Print each record exactly as it appears, but drop the images.

___ Source data ___

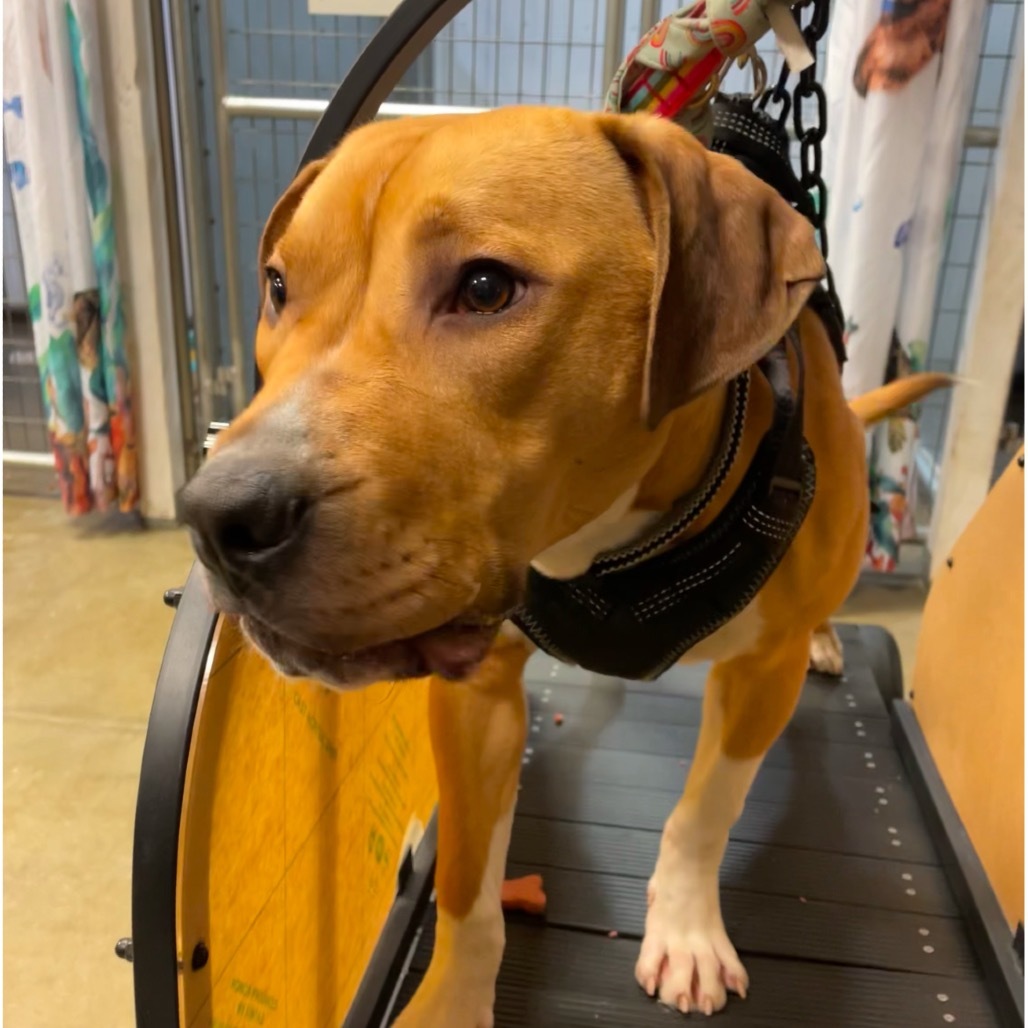 Benji, an adoptable Mixed Breed in Bismarck, ND, 58507 | Photo Image 3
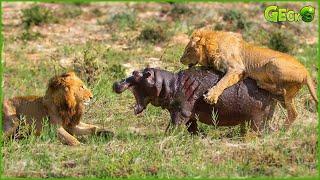 30 Fierce Battles Of Lions Fighting Hippos In The Wild - Hippos Clash With Other Animals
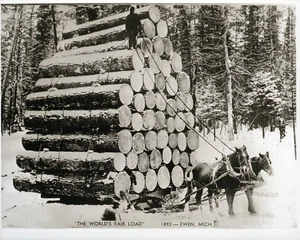 Récord mundial de carga de troncos cortados en Michigan Chicago Feria Mundial 1893 DEBE VER - Imagen 1 de 1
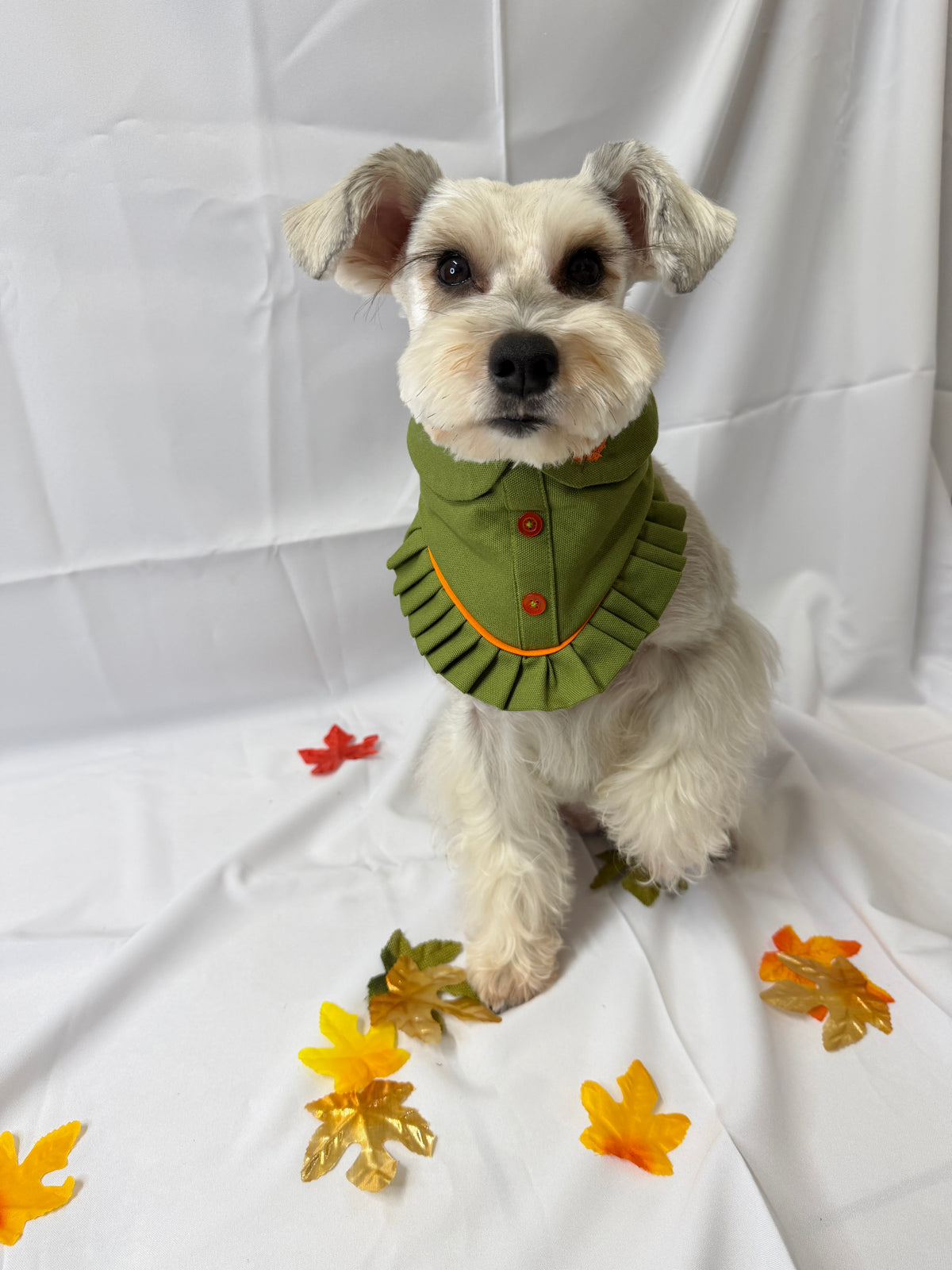 Pumpkin Patch - Olive Green Button-Up Autumn Dog Bandana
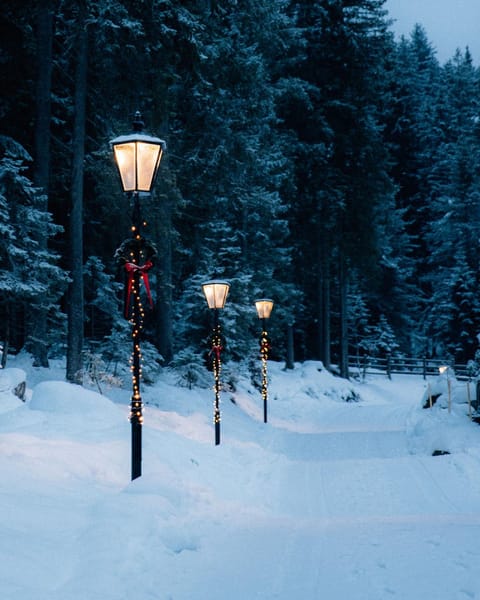 Natural landscape, Winter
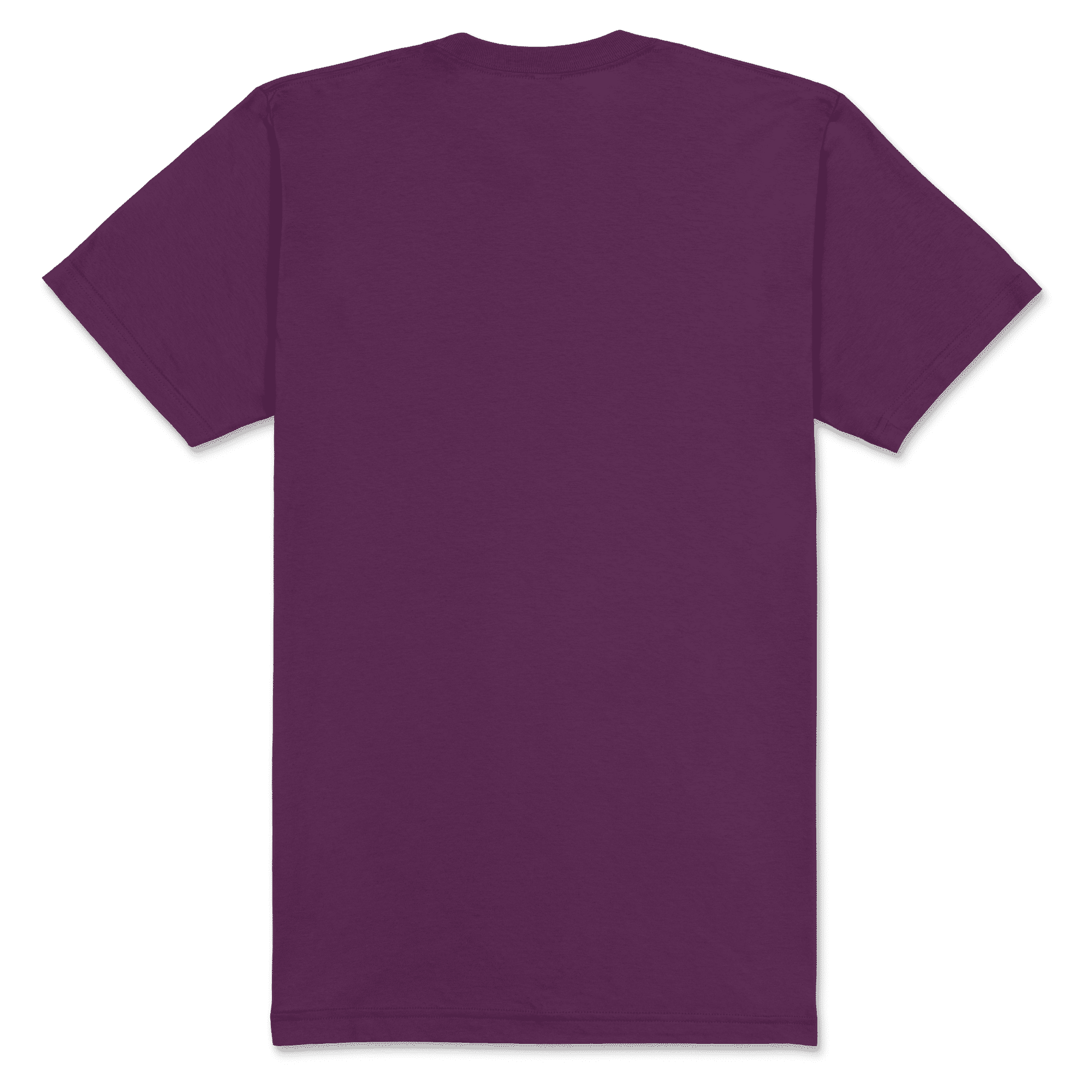 2001 American Apparel Unisex Fine Jersey Short Sleeve T-Shirt - Image 14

___

## Finished exercise
 Benji, an adoptable Mixed Breed in Bismarck, ND, 58507 | Photo Image 3
 30 Fierce Battles Of Lions Fighting Hippos In The Wild - Hippos Clash With Other Animals
 Récord mundial de carga de troncos cortados en Michigan Chicago Feria Mundial 1893 DEBE VER - Imagen 1 de 1
 Pumpkin Patch - Olive Green Button-Up Autumn Dog Bandana
 Natural landscape, Winter
 2001 American Apparel Unisex Fine Jersey Short Sleeve T-Shirt - Image 14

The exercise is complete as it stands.